Anomaly detection is the identification of events which deviate from what is considered a norm. Identifying not regular events is very important in, e.g. fraud detection.

Detecting anomalies in credit card transactions have to be performed quickly and accurately without too much interaction with the client. One of the most successful techniques used to automate anomaly detection are autoencoders.

Here, I use an autoencoder to successfully detect 83% of the fraudulent credit card transaction, with only 12% false-positive rate.

Data

I use the Credit card Fraud Detection Dataset which contains transactions made by credit cards in September 2013 by European cardholders. It includes 284,807 transactions, where 492 of them are fraudulent. The data columns are anonymised by projecting the original data onto 28 dimensions using PCA technique. Hence data columns V1 to V28 do not have an explainable meaning.

I log transform the Time and Amount values in order to lessen the long right tails of their densities.

In this application, I take advantage of the PCA property and use only the first five eigenvectors, which should explain most of the variance in the data.

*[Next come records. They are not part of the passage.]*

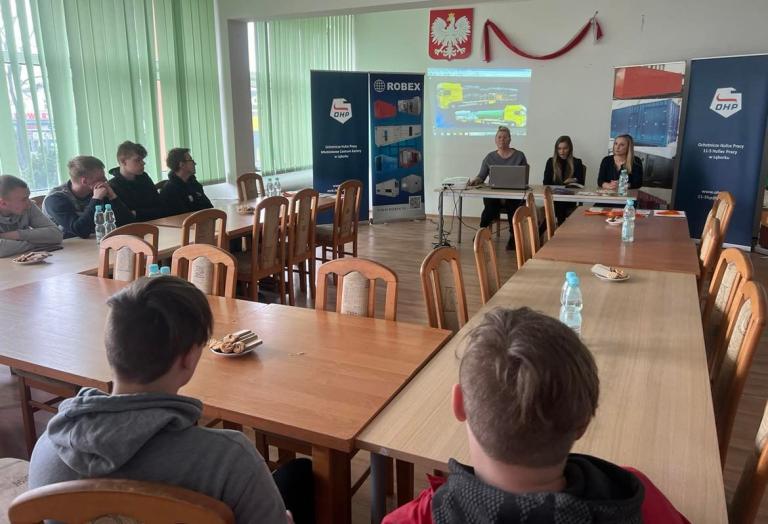 Giełda Pracy w Młodzieżowym Centrum Kariery w Lęborku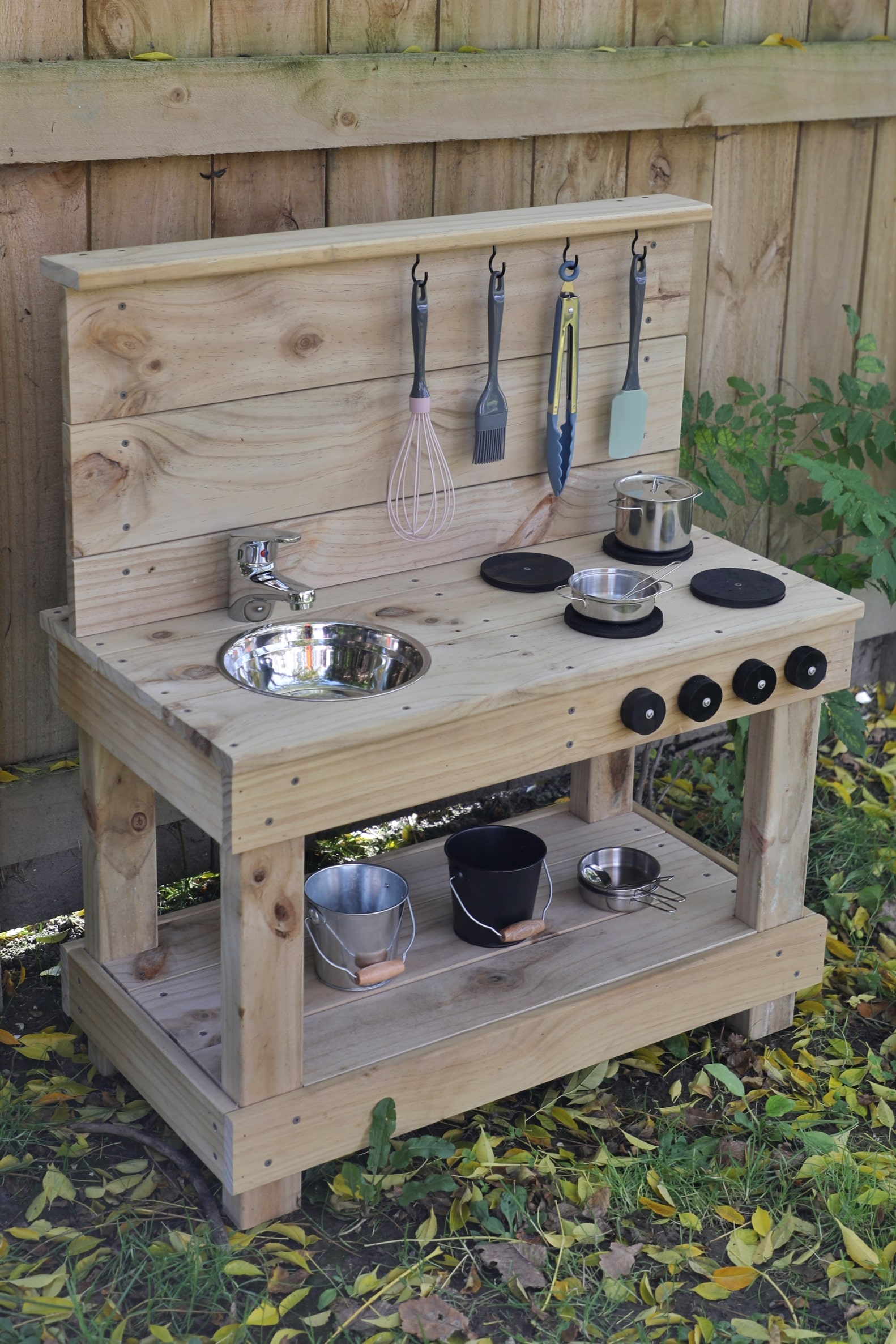 Kids Outdoor Play - Mud Kitchen by Hammer and Saw
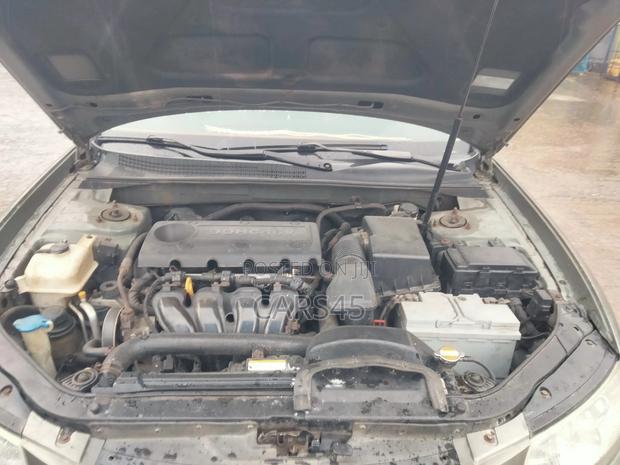 Hyundai Sonata 2009 Green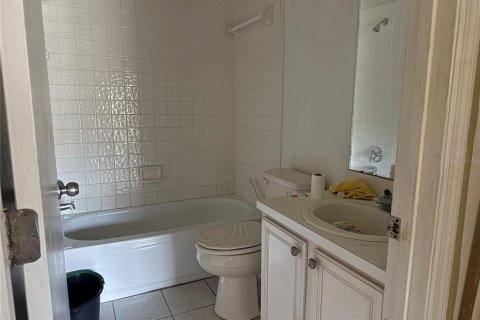 Villa ou maison à vendre à Apopka, Floride: 4 chambres, 165.92 m2 № 2406339 - photo 12
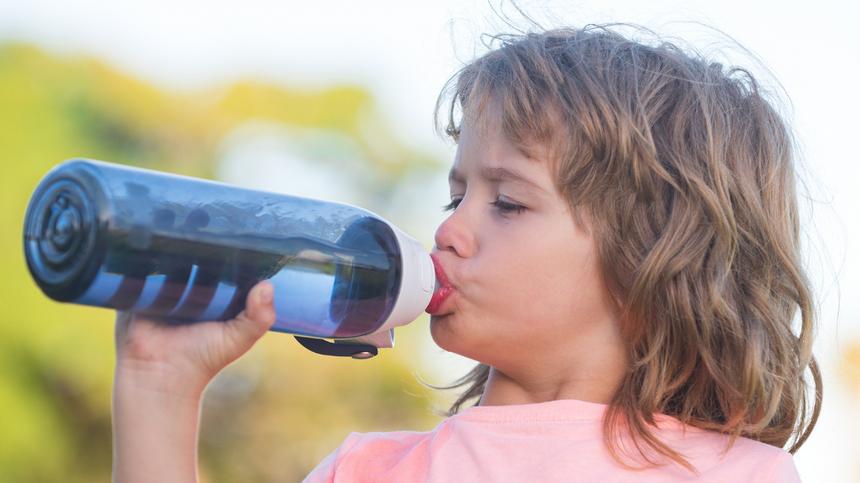 Kleinkind trinkt Wasser aus einer Trinkflasche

Time V1 V2 V3 V4 V25 V26 V27 V28 Amount Class
84537 -0.55 0.05 1.66 -2.56 -0.41 -1.11 0.20 0.17 1.00 0
160382 0.18 0.93 -1.15 0.91 1.03 -0.30 0.13 0.29 83.00 0
62482 1.09 -0.10 0.12 0.23 0.02 0.59 -0.12 0.02 103.93 0
153741 -0.71 -0.20 2.16 -2.33 -0.27 -0.33 0.30 -0.12 1.00 0
136147 -0.80 0.36 0.66 -2.27 0.89 0.80 -0.18 0.01 50.52 0

The dataset is highly unbalanced, with only 0.17% on transactions marked as fraudulent. The autoencoders, however, need to be trained only on genuine transactions, which makes them a perfect choice for this problem.

Autoencoders

I use an autoencoder based on the neural network which consists of several fully connected layers, where the output has the same dimension as the input.

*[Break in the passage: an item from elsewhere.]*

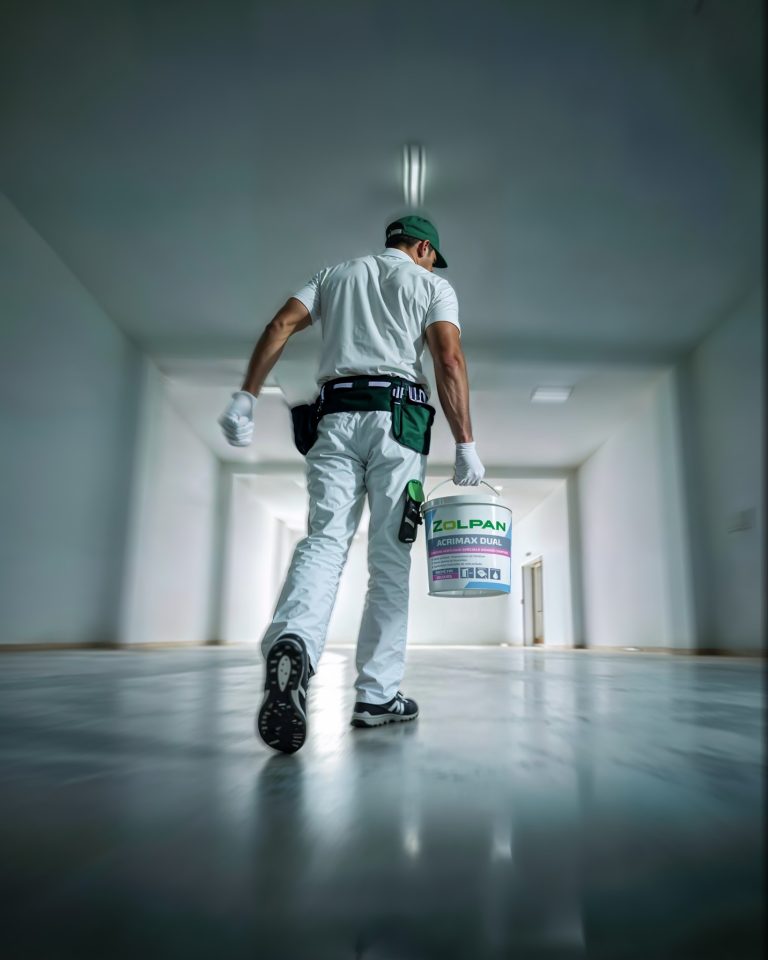Peinture Zolpan avis : la marque, ses fiches techniques et ses limites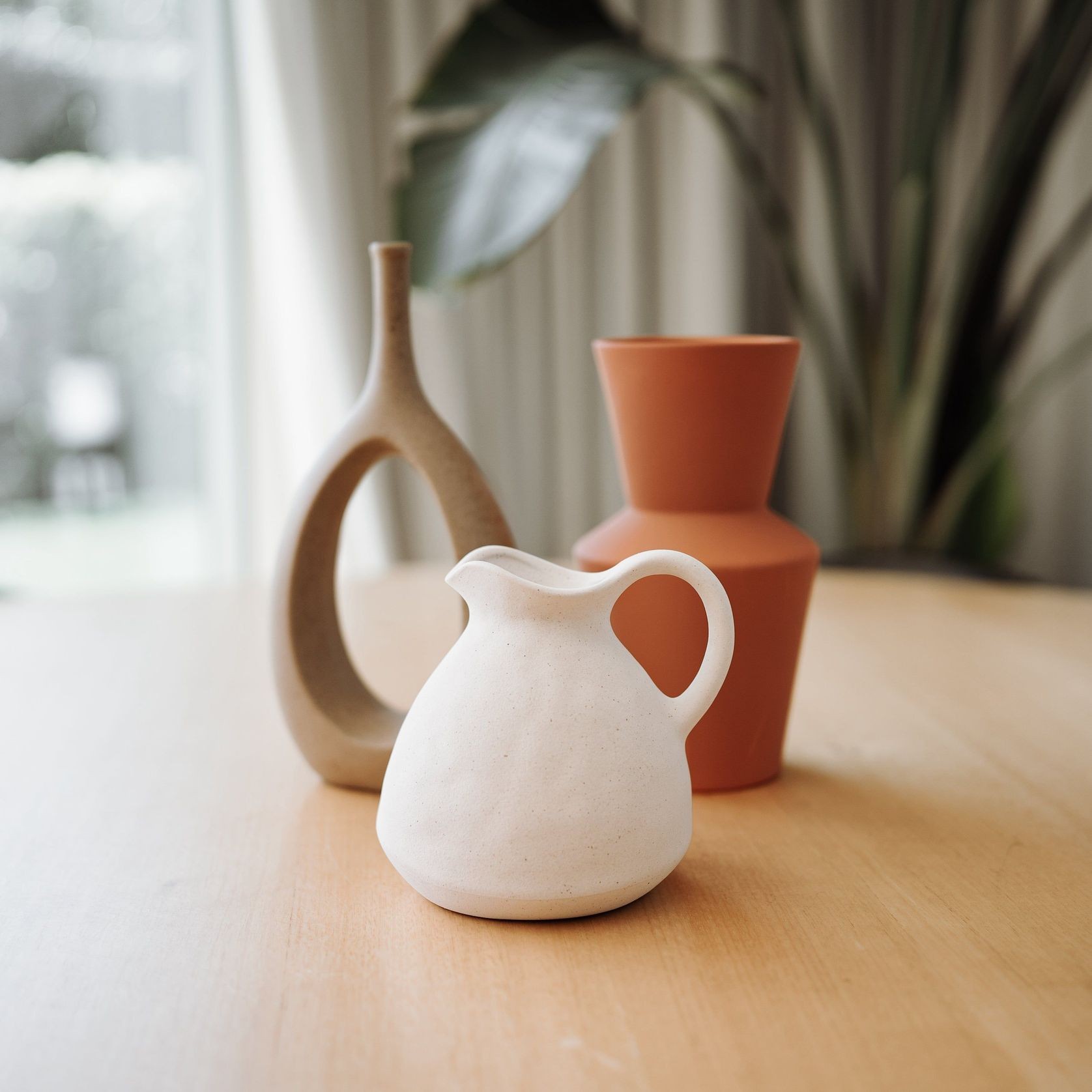Holly | Ceramic Vessel gallery detail image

https://dev.to/kayis/building-an-autoencoder-for-generative-models-3e1i

The training phase for this kind of a neural network is unsupervised, i.e. we do not use the labels for the data. We train the network is such a way that the input and output information has to be as similar as possible. The similarity is measured as an error, such as the Euclidean distance between the input and output.

Providing the network with data, that the model did not see should increase the reconstruction error. Thresholding the error will allow us to determine if the transaction is genuine or not.

Analysis

I use Gaussian Mixtures to classify the log error score into two groups, fraudulent and genuine.

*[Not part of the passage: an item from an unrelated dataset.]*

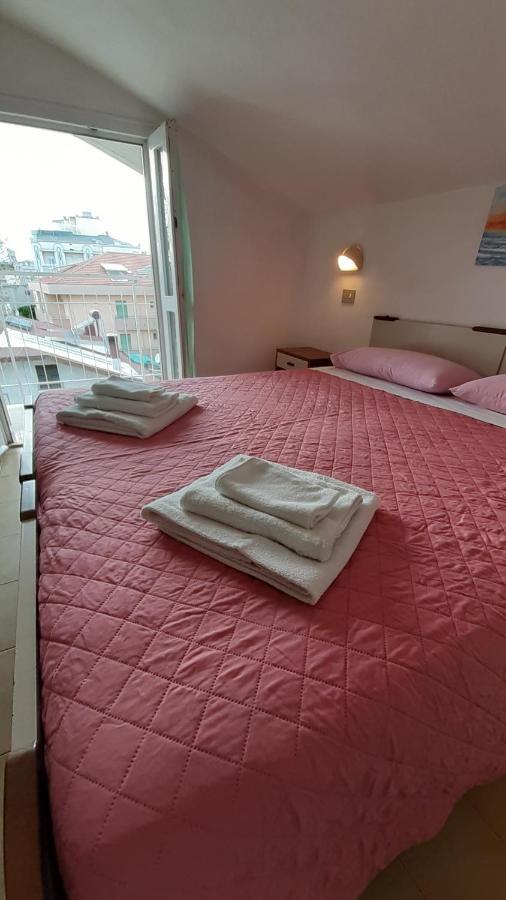 Hotel Elisabetta 2 Stelle Cattolica Zewnętrze zdjęcie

## number of iterations= 224

Then, I use the 45th quantile (empirical value) of the Gaussian distribution with parameters found in the GM stage, as the threshold. As a result, I get 83% accurately determined fraudulent transactions and 13% false-positive rate.

0 1
0 248855 35460
1 85 407

The AUC score, used commonly in scoring the dichotomous classification models, is high at 0.851.

Conclusion

Autoencoders can be successfuly trained to detect fraudulent credit card transactions, as long as we have enough genuine transaction data to train the network.